• Int J Environ Res Public Health · Dec 2019

    An Eye for an Eye? Third Parties' Silence Reactions to Peer Abusive Supervision: The Mediating Role of Workplace Anxiety, and the Moderating Role of Core Self-Evaluation.

    • Jun Huang, Gengxuan Guo, Dingping Tang, Tianyuan Liu, and Liang Tan.
    • School of Economics and Management, Southwest University, Tiansheng Road2#, Chongqing 400715, China.
    • Int J Environ Res Public Health. 2019 Dec 10; 16 (24).

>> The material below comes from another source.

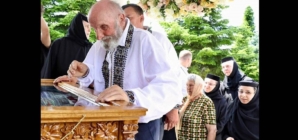 Un moment rar în istoria Bisericii: un tată în fața moaștelor propriei fiice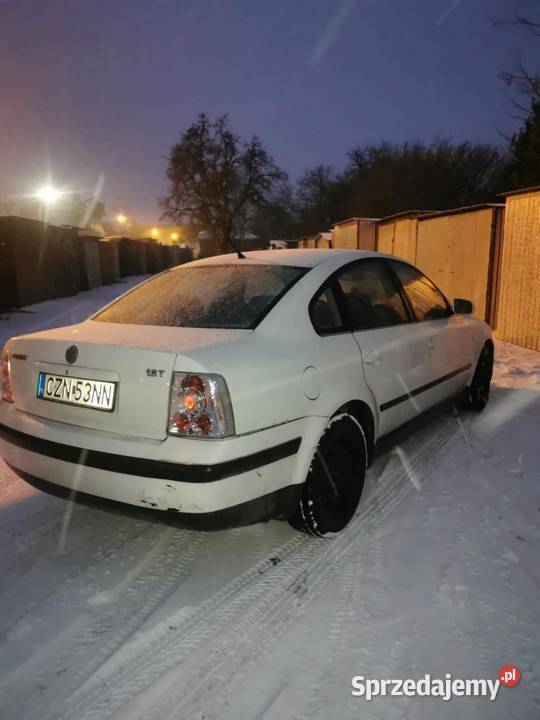 Auto W idealnym stanie Passat 18t nieuszkodzony wielkopolskie Poznań sprzedam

    AbstractCurrently, a few scholars have studied the spillover effects of abusive supervision from third parties' perspective. However, these limited researches mainly focus on third parties' explicit behavior response to peer abusive supervision, ignoring their implicit reactions (e.g., silence) and the emotional mechanism among it. To fill the above gaps, drawing on affective events theory, we construct a theoretical model that explains the relationship among peer abusive supervision, third parties' workplace anxiety, third parties' silence, and third parties' core self-evaluation. Multi-wave data from 283 front-line employees (57% male and 43% female; 57.2% are 30 years old and below, 31.1% are 31-40 years old and 11.7% are over 40 years old), who come from eight real estate and insurance companies in China, were used to support our framework. In particular, our empirical results indicated that peer abusive supervision was positively related to third parties' silence, among which workplace anxiety played a partial mediating role. In addition, third parties' core self-evaluation moderated the relationship between peer abusive supervision and silence, meanwhile, the mediating role of workplace anxiety. Specifically, the effect of peer abusive supervision on workplace anxiety, and the mediating effect of workplace anxiety, was weaker when the third parties' core self-evaluation was higher rather than lower. The results contribute to both theory and practice.